Um cineasta premiado retorna ao México após anos vivendo nos Estados Unidos e se vê envolto em uma espiral de memórias, sonhos e fantasias que desafiam qualquer lógica linear. Ele revisita sua trajetória, confrontando relações familiares, dilemas políticos e a própria sensação de deslocamento cultural. As imagens, ora absurdas, ora poéticas, transformam cada lembrança em espetáculo, enquanto a fronteira entre vida íntima e invenção artística desmorona. O passado surge distorcido, o presente parece frágil e o futuro incerto. A jornada, mais do que sobre conquistas, revela-se uma busca por pertencimento em um mundo que insiste em tratá-lo como estrangeiro em todos os lugares.
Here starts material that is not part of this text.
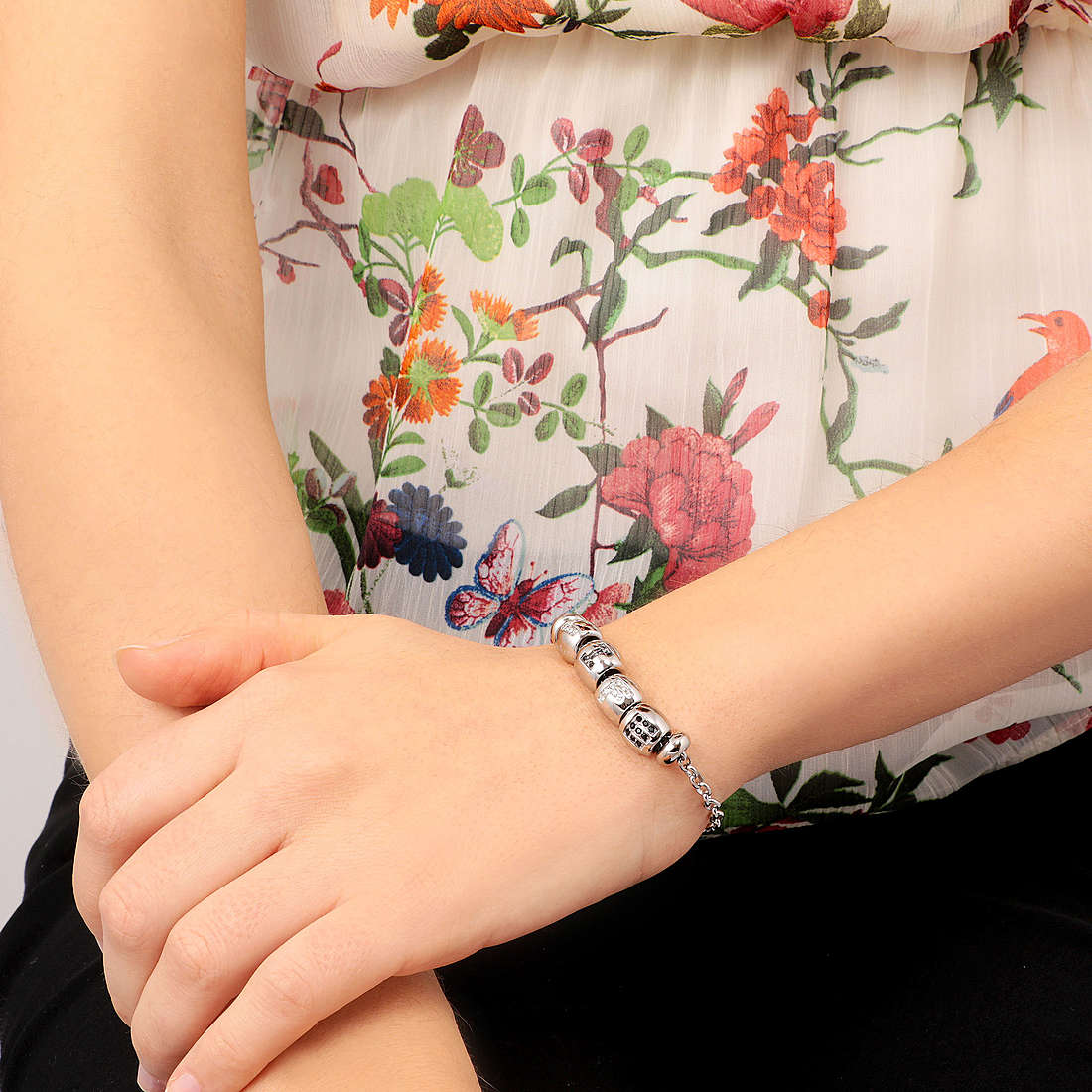 Morellato bracelets Drops woman SCZ1055 wearing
Uma jovem viaja com o namorado para conhecer seus pais em uma fazenda isolada, enquanto pensamentos de terminar o relacionamento a assombram. Durante a visita, o tempo parece se distorcer: os pais envelhecem e rejuvenescem em instantes, diálogos se fragmentam e a percepção da jovem se torna cada vez mais instável. O que começa como um encontro desconfortável se transforma em uma espiral de delírios, na qual identidade, memória e imaginação se confundem. O espaço doméstico revela-se labirinto psicológico, e o que parecia ser uma viagem trivial acaba se mostrando uma experiência existencial, onde o amor, a solidão e o sentido da vida colidem.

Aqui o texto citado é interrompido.